▶ _Provided information_:
———
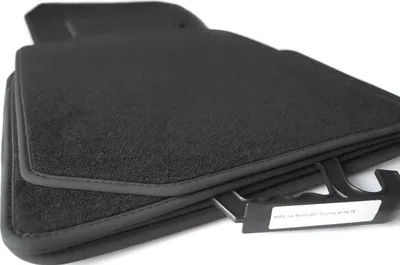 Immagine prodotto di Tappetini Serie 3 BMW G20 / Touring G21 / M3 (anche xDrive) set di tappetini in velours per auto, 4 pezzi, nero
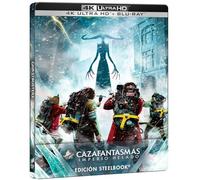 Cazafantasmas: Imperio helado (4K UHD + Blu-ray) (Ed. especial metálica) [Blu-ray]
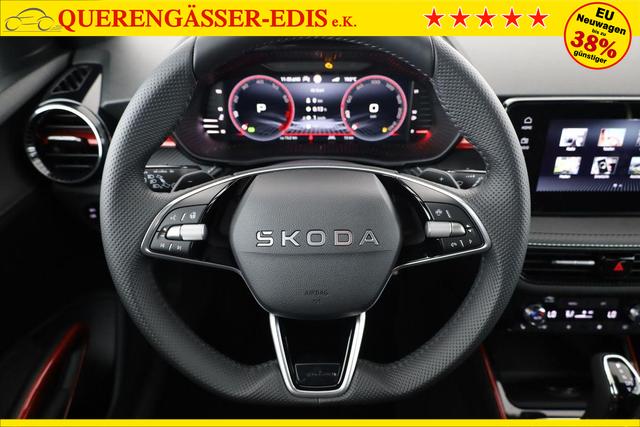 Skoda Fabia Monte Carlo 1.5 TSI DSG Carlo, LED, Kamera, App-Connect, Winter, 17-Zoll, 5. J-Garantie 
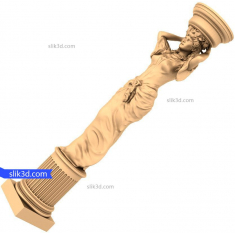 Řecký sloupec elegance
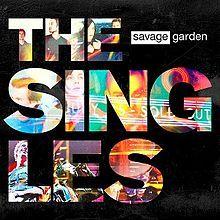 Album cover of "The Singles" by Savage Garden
———
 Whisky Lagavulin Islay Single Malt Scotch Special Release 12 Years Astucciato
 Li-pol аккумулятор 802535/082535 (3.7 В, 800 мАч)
———
▶ _Problem to work on_: What to print is the stretch of entries from the line with "Cazafantasmas: Imperio helado" up to and including the line with "Album cover of". Please print it exactly and leave out the pictures.

▶ _Result of this exercise_:
 Cazafantasmas: Imperio helado (4K UHD + Blu-ray) (Ed. especial metálica) [Blu-ray]
 Skoda Fabia Monte Carlo 1.5 TSI DSG Carlo, LED, Kamera, App-Connect, Winter, 17-Zoll, 5. J-Garantie 
 Řecký sloupec elegance
 Album cover of "The Singles" by Savage Garden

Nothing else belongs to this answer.